- San Francisco voters will decide this November whether to add a surcharge to trips taken through ride-hailing companies under a ballot measure approved Tuesday by the city’s Board of Supervisors.
- If approved by two-thirds of voters at the ballot box, the tax would impose a 3.25% surcharge on all individual rides and a 1.5% surcharge on shared rides that originate in the city. Rides in electric vehicles (EVs) would have a surcharge of 1.5%, regardless of whether they are individual or shared, in order to encourage the use of EVs. The tax would go into effect on January 1, 2020, if passed.
- The measure, introduced by Supervisor Aaron Peskin, would generate an estimated $35 million a year for the city, to be spent on transit and street safety projects. It also has the support of both Uber and Lyft, which collaborated with Peskin and Mayor London Breed on drafting the plan.
If passed, this surcharge on ride-hailing would be another bold city-level step in trying to get a handle on congestion and a continuously disruptive industry. It follows in the footsteps of cities like Chicago, which imposed a ride-hailing tax in 2015 and increased the tax in 2018 to fund public transit initiatives, and Washington, DC, which approved a 5% ride-hailing tax last summer to fund the Metro transit system.
The moves in San Francisco are not as wide-reaching as New York City’s regulations on ride-hailing, however, which implemented a minimum wage for drivers and froze the issuing of new ride-hailing licenses for drivers among other initiatives. Those regulations, approved last summer, inspired similar efforts in other major cities.

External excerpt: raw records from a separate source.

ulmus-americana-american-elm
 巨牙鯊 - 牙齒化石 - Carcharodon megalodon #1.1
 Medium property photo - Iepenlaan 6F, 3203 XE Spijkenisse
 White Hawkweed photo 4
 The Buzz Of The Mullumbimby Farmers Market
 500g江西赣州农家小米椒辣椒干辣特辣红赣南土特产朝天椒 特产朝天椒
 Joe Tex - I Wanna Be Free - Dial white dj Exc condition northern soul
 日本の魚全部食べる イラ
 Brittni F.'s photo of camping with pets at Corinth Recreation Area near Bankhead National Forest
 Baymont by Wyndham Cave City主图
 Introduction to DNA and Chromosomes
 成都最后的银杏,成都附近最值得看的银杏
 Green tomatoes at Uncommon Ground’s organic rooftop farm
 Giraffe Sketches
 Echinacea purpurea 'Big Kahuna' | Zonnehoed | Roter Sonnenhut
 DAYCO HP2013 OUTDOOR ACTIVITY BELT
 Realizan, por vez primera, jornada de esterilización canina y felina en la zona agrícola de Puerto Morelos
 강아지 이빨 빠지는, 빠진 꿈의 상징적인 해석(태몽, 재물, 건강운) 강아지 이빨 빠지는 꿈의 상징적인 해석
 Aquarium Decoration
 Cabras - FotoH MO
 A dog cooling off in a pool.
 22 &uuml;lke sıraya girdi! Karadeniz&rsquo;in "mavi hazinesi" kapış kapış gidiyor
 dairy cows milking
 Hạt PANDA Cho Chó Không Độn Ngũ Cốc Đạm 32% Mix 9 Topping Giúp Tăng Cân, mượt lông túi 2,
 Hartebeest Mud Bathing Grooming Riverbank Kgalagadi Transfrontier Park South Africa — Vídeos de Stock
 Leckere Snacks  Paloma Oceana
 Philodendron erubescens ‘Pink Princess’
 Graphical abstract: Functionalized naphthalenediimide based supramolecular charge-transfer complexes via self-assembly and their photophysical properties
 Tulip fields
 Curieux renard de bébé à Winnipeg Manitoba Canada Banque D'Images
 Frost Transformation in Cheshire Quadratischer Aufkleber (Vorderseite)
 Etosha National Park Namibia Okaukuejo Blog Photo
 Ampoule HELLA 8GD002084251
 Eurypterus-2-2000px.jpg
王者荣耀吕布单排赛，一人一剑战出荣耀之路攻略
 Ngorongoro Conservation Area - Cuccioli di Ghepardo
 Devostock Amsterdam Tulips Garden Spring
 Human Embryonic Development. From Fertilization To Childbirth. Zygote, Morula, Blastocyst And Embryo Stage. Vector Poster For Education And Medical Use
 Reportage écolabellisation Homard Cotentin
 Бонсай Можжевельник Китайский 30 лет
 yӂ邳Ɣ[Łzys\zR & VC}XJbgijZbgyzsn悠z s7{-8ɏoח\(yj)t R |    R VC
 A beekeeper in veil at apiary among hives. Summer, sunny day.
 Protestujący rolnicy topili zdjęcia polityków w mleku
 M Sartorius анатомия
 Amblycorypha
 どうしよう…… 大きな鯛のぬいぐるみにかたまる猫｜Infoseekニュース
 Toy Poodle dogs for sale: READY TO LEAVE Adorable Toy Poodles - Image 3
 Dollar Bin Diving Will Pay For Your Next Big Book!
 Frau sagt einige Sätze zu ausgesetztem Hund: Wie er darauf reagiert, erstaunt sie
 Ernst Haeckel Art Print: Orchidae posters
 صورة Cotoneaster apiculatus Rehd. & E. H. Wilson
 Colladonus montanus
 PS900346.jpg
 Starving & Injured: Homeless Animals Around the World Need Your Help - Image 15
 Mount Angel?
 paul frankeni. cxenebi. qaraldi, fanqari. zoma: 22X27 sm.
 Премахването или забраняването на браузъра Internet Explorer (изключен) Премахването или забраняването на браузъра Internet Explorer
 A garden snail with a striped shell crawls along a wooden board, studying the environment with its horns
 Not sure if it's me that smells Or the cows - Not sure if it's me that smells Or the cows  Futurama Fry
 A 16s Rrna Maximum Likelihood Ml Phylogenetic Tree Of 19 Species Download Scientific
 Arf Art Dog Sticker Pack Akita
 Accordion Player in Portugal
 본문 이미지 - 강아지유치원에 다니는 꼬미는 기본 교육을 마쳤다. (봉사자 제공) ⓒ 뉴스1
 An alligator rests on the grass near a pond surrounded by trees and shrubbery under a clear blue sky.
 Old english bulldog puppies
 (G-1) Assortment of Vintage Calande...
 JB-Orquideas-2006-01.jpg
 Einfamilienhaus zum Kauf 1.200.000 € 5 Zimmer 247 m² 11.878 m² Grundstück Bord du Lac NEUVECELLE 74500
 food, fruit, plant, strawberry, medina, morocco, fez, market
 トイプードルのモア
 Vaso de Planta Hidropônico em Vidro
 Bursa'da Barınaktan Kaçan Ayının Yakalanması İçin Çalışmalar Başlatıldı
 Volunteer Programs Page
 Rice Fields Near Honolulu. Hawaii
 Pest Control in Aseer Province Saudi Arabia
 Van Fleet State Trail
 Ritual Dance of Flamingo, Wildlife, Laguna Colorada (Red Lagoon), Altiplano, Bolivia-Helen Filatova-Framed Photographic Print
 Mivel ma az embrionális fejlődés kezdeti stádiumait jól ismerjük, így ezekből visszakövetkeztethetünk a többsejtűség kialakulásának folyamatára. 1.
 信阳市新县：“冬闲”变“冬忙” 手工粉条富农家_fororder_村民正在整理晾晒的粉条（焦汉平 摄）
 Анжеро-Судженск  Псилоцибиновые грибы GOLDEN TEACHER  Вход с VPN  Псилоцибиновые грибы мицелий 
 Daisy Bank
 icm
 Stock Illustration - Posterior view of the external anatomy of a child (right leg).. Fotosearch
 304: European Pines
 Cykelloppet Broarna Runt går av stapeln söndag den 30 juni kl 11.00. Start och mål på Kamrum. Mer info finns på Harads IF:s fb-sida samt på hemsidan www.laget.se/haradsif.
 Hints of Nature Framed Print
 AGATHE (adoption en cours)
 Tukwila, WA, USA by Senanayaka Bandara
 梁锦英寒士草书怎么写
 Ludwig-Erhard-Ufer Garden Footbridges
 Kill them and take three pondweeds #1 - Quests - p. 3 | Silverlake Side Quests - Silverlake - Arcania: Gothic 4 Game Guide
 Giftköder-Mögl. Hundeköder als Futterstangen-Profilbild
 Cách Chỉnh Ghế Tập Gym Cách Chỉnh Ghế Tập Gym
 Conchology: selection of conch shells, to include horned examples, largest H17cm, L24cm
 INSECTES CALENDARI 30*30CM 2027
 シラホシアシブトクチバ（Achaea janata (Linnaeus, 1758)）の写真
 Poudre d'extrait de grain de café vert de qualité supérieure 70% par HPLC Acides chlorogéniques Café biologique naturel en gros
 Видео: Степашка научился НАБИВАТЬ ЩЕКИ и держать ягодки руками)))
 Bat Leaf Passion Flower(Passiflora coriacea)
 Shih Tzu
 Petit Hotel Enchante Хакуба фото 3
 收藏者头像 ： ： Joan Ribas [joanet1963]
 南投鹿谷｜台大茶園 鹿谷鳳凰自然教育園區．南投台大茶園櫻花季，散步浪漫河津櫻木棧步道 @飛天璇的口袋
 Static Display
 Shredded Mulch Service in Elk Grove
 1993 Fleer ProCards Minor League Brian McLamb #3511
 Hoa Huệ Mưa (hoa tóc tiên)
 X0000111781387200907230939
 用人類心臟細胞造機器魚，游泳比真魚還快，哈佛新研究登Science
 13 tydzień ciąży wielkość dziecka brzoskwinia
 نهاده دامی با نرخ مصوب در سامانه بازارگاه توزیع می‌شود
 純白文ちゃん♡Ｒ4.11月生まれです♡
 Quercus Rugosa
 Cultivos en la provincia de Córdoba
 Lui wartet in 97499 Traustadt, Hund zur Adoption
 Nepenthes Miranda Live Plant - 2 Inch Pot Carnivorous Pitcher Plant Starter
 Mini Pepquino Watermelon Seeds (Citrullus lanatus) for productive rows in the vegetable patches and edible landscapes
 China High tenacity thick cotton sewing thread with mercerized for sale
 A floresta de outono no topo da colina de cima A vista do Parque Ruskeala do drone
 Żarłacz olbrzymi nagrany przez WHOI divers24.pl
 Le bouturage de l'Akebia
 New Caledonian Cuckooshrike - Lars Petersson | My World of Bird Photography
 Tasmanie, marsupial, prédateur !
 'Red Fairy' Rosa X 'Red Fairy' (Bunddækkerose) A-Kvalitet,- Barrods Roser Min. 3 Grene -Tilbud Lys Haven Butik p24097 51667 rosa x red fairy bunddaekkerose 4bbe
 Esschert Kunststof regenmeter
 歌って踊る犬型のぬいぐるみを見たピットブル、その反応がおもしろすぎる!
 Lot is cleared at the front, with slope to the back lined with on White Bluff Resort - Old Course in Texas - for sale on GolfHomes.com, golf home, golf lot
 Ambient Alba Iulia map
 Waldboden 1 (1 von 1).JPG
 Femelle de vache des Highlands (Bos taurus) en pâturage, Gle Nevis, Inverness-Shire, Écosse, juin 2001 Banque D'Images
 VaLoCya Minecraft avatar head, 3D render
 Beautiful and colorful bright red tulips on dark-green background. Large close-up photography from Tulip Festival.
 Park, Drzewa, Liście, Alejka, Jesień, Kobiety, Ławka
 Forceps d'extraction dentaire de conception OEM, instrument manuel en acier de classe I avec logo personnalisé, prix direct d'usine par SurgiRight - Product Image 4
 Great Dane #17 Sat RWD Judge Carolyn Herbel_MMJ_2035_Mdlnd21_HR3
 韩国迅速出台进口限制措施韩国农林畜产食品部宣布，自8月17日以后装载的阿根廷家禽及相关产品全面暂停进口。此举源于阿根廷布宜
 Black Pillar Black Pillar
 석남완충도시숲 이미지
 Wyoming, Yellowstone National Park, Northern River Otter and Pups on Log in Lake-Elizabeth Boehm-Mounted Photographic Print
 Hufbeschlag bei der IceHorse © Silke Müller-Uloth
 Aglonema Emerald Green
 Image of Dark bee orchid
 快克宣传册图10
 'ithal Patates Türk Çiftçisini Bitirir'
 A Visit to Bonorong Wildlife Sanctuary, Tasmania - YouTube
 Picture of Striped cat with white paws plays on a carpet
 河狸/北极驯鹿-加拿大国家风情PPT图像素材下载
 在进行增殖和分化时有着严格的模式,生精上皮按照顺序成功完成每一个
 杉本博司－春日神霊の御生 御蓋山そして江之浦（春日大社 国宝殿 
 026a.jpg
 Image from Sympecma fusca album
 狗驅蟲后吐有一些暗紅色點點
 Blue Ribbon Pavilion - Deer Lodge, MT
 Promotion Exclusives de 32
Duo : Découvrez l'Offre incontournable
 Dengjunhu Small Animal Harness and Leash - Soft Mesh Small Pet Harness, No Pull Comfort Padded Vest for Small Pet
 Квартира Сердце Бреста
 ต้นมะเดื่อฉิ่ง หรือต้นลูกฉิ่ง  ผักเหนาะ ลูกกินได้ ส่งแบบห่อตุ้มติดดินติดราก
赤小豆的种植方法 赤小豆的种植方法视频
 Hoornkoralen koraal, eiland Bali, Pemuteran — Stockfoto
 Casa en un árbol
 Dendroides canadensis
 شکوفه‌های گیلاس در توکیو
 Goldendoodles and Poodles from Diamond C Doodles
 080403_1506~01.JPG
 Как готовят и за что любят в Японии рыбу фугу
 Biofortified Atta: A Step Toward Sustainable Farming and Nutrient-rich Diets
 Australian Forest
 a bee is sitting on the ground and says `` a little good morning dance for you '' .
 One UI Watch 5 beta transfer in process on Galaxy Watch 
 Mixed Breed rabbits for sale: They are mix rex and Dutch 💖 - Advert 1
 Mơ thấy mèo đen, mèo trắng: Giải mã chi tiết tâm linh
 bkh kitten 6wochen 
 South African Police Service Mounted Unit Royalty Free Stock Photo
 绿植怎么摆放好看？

The $35 million projected to be raised would be shared between two agencies: the San Francisco County Transportation Authority (SFCTA) and the San Francisco Municipal Transportation Agency (SFMTA). It could be a crucial way to help the city expand transit options as it continues to grow, and also to encourage safer street design in a similar vein to the Complete Streets initiative that has been growing at the city level and recently appeared to gain some support in Congress.
Ted Egan, the city’s chief economist, said in a report that while he could not determine the initiative’s true impact on transit or easing congestion, there appears to be a willingness among city officials to see what can be done. In a statement, Peskin said “everyone needs to be part of the solution,” and it will require intense collaboration to make the dream of lower congestion a reality.